Special Kavli Seminar

Exciton Propagation in Atomically Thin Semiconductors

Alexey Chernikov

Department of Physics, University of Regensburg, Germany

Coulomb-bound electron-hole pairs, or excitons, have been in the focus of the solid-state research for many decades. They are of paramount importance for the fundamental understanding of interacting charge carriers in semiconductors. Recently, excitons in single layers of semiconducting transition-metal dichalcogenides (TMDCs) are found to combine a number of intriguing properties, including binding energies on the order of 0.5 eV, strong light-matter interaction and spin-valley coupling. It renders these electronic quasi-particles highly interesting both for fundamental research and future technology. In this context, it is important to consider that strongly-bound excitons in TMDCs are free to move in two dimensions. This has major implications, including the potential to deliberately manipulate exciton currents as well as to realize some of the more intriguing concepts using excitons at room temperature.

In this talk I will address the topic of exciton transport and discuss linear and nonlinear effective diffusion of excitons in semiconducting 2D materials. I will show how the interplay of many-particle interactions and propagation results in an apparent increase of diffusion coefficient by as much as two orders of magnitude, accompanied by characteristic changes in the exciton distribution profiles. I will further discuss the peculiar appearance of long-lived, micrometer-sized halo shapes in the exciton emission, indicating intricate collective phenomena and memory effects in the dynamics of Coulomb-bound quasiparticles in atomically thin materials. Overall, the obtained results should be both interesting from the perspective of fundamental exciton physics and highly relevant for the design of TMDC-based optoelectronic devices.

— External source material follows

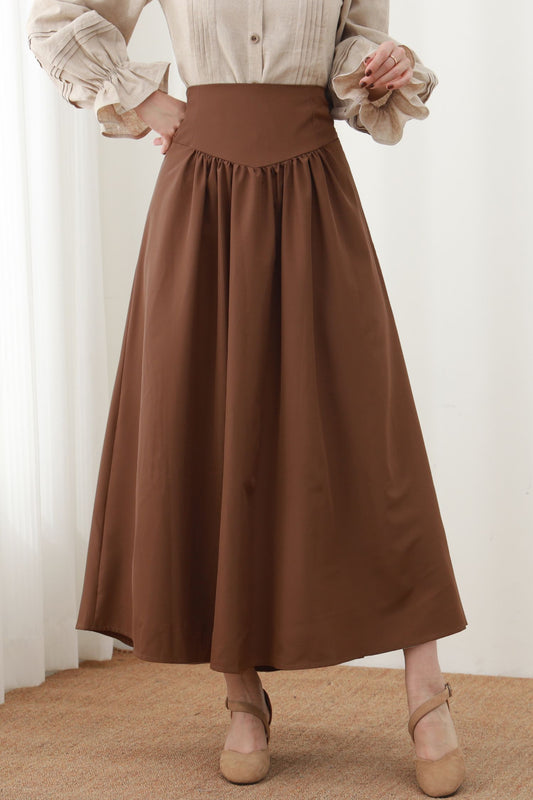Caramel Linen Maxi Skirt: High Waist Pleated A-Line Long Skirt, Handmade, Ylistyle C5452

Bio: Alexey Chernikov received his Ph.D. at the University of Marburg (Germany) studying photo-excited electron dynamics and optics of III-V and IV-V semiconductors and their nanostructures. In 2013 he joined the group of Tony F. Heinz at Columbia University (New York, USA) with Alexander von Humboldt Fellowship grant as a postdoctoral researcher, working on excitonic phenomena in two-dimensional van der Waals materials and hybrid perovskites. Currently, he is leading a research group at the Regensburg University (Germany) focusing on fundamental studies and developing advanced concepts for precise manipulation of electronic many-body states in nanostructured materials.